Not sure if you have discovered this already, but www.bbbind.com/free_tsb.html is a HUGE help when it comes to wiring diagrams. You can just load up the PDFs for any two years of XJ auto trans wiring, print, and compare side by side w/ highlighter in hand.
 
Hey man I have a 1999 jeep cherokee xj which I just recently bought a transmission pump off roc auto due to the old one being defective. The pump looked almost identical to the old one and when I put it in and got the transmission up and went to go turn crankshaft it would not budge. I was wondering if they made different pumps for these models in the 1999 thinking maybe I have the wrong one. If anyone has any input it would be greatly appreciated.
 
Hey man I have a 1999 jeep cherokee xj which I just recently bought a transmission pump off roc auto due to the old one being defective. The pump looked almost identical to the old one and when I put it in and got the transmission up and went to go turn crankshaft it would not budge. I was wondering if they made different pumps for these models in the 1999 thinking maybe I have the wrong one. If anyone has any input it would be greatly appreciated.

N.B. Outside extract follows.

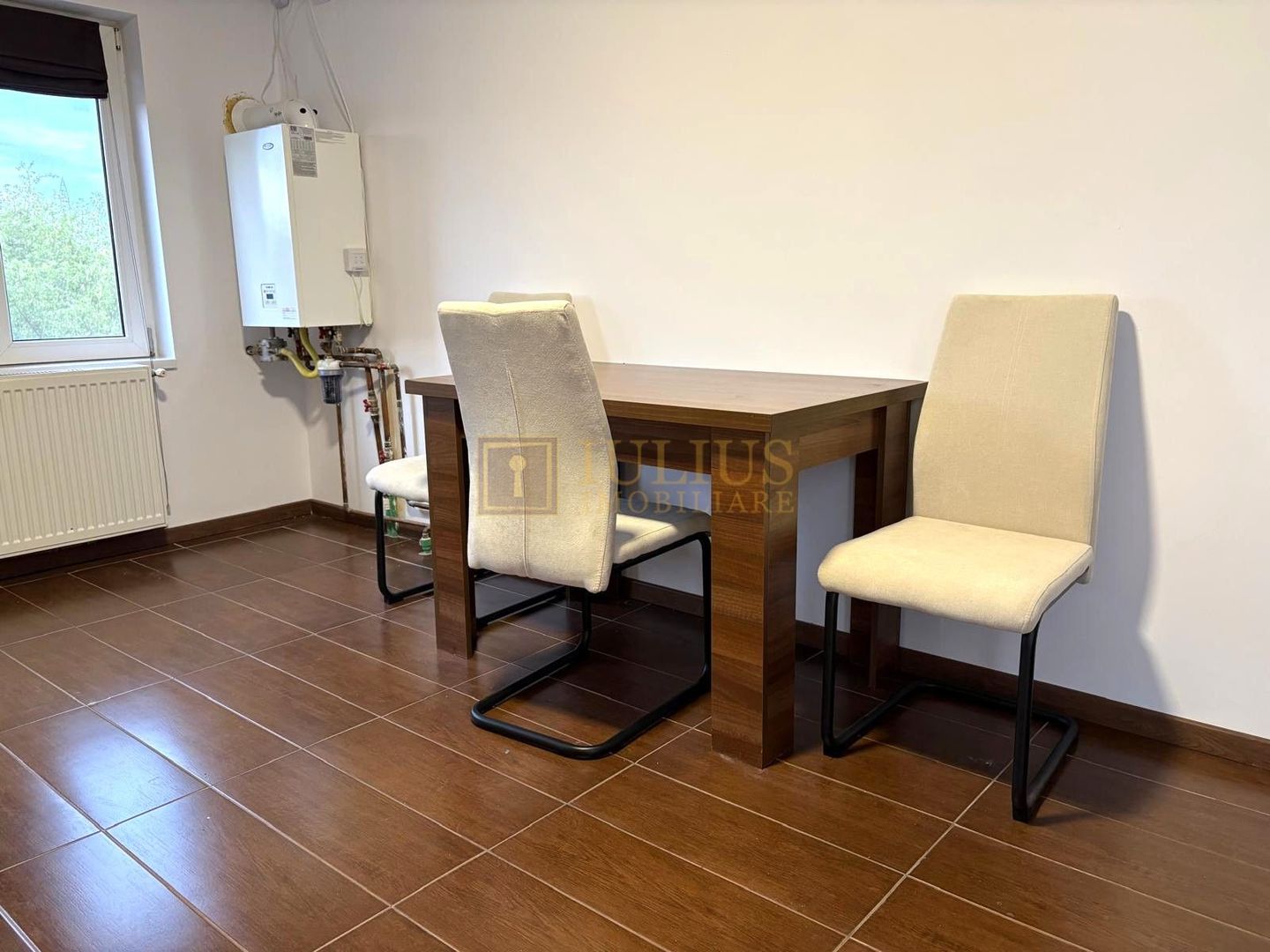 Apartament la curte, 2 băi, loc de parcare, zona linistita, dressing - Poză 12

What would transmission pump have to do with whether or not crankshaft turned or not? Shouldn't torque converter allow slippage even if transmission were completely frozen in place?
 
Hey man I have a 1999 jeep cherokee xj which I just recently bought a transmission pump off roc auto due to the old one being defective. The pump looked almost identical to the old one and when I put it in and got the transmission up and went to go turn crankshaft it would not budge. I was wondering if they made different pumps for these models in the 1999 thinking maybe I have the wrong one. If anyone has any input it would be greatly appreciated.




If you didn't rotate the t/c until it was fully seated on the drive splines and pump, then you probably just damaged the new pump.
 
Does anyone out there know if the AW4's input shaft is spun up by the TC impeller when the transmission is in Neutral?...in other words, is the input shaft free to be turned by the impeller, or is there some mechanism that I am not aware of that prevents the input shaft from turning while the transmission is in Neutral?

My online research about automatic transmissions in general would seem to indicate that input shaft IS spun up by the TC impeller when the transmission is in Neutral, but a professional experienced mechanic is telling me that the input shaft is to NOT supposed spin up when the transmission is in Neutral.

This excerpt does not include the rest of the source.